Bir önceki yazıda İslamoğlu’nun, el-Buhârî ve Müslim’den naklettiği İbn Sayyâd kıssasının sonunda geçen “İn yekunhu felen tusallata aleyhi; ve in lem yekunhu felâ hayre leke fî katlihî” ibaresinin geniş açılımını, ilgili dipnotta nasıl verdiğini görmüştük.

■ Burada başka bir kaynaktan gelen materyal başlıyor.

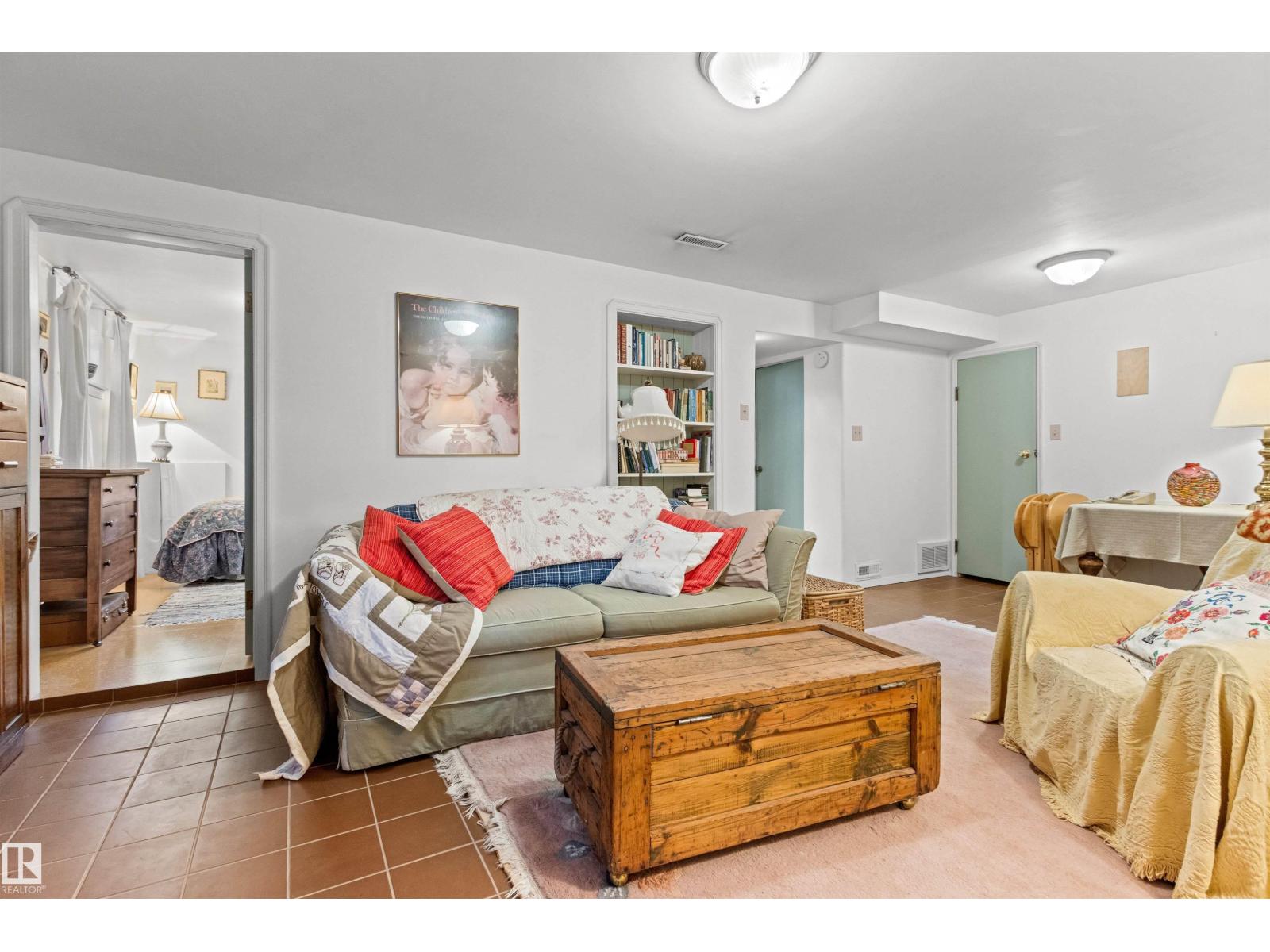 8842 89 ST NW - 49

Metin kısmında verdiği tercüme ise şöyle: “Eğer o (kendisinde) ise onun aleyhinde hüküm verilmez, eğer o (kendisinde) değilse onu öldürmek senin iyiliğine olmaz.” (Üç Muhammed, 31)

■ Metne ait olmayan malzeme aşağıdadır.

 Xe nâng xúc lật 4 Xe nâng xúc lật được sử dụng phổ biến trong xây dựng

Ancak bu çeviride İslamoğlu’nun “atladığı” ve metinle tetabuk etmeyen birkaç “küçük” ayrıntı var: 1) “İn yekunhu felen tusallata aleyhi” cümlesinde geçen “len tusallata” ifadesindeki “len” edatı “gelecek zamanda tekitli olumsuzluk” ifade eder. Dolayısıyla İslamoğlu’nun yaklaşımına göre çeviri, “onun aleyhinde asla hüküm verilmeyecek” tarzında olmalıdır. “Len” edatının “serbest” bir çeviride geniş zaman anlamı verdiğini kabul etsek bile sorun burada bitmiyor: 2) “Sallata” ettirgen fiilinin “tusallitu” formu, “len” edatıyla birlikte (“len tusallata”) tek başına iki şekilde anlaşılabilir: A) Müzekker (eril) muhatap için “Sen ona asla muktedir kılınmayacaksın.” B) Müennes (dişil) üçüncü şahıs için “O (kadın) ona asla muktedir kılınmayacak.”

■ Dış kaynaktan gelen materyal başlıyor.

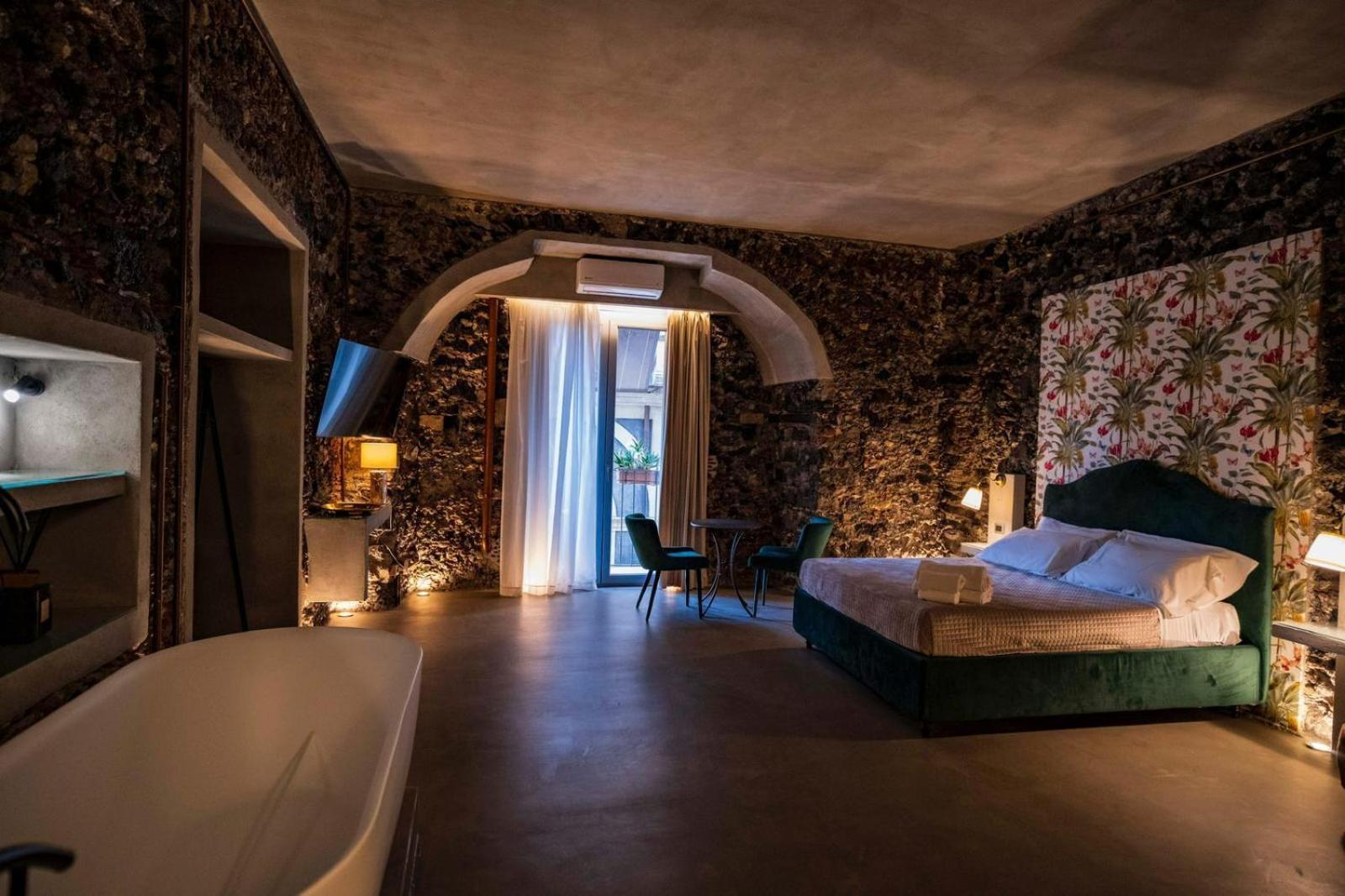 Charme Catania Central Suites Zewnętrze zdjęcie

İmdi, İslamoğlu’nun çevirisinin doğru kabul edilebilmesi için İbn Sayyâd aleyhine hüküm verecek olan kişinin bir kadın olduğunu söylememiz gerekiyor. Fakat hitap Hz. Ömer (r.a)’edir. Öyleyse hitabın, “muhatap” kipinde anlaşılması gerekiyor. O zaman da İslamoğlu’nun çevirisi metne uymuyor. Zira bunun için ifadenin “len yusallata” olması gerekiyor.
Burada doğru çeviri şöyle olmalıdır: “Eğer o (Deccal) ise, sen ona asla muktedir kılınmayacaksın. Şayet o (Deccal) değilse, onu öldürmekte senin için bir hayır yoktur.” Burada parantez içinde zikrettiğim “Deccal” kelimesi, İbn Sayyâd ile ilgili rivayetlerin mecmuunun bir arada değerlendirilmesi sonucu, onun Deccal olup olmadığı konusunda ilk anda Efendimiz (s.a.v) de dahil herkeste mevcut olduğu görülen tevakkufa dayanıyor.
İslamoğlu burada bir tek varyantla sınırladığı hadiseyi kendi anladığı şekilde ifadelendirebilmek için önce “İn yekunhu felen tusallata aleyhi; ve in lem yekunhu felâ hayre leke fî katlihî” cümlesinde bir “belirsizlik” olduğunu düşünüyor ve ardından –kendi tabiriyle– “metne işkence ederek” bu “belirsizliği” mezkûr çeviri ve açılımla ortadan kaldırıyor!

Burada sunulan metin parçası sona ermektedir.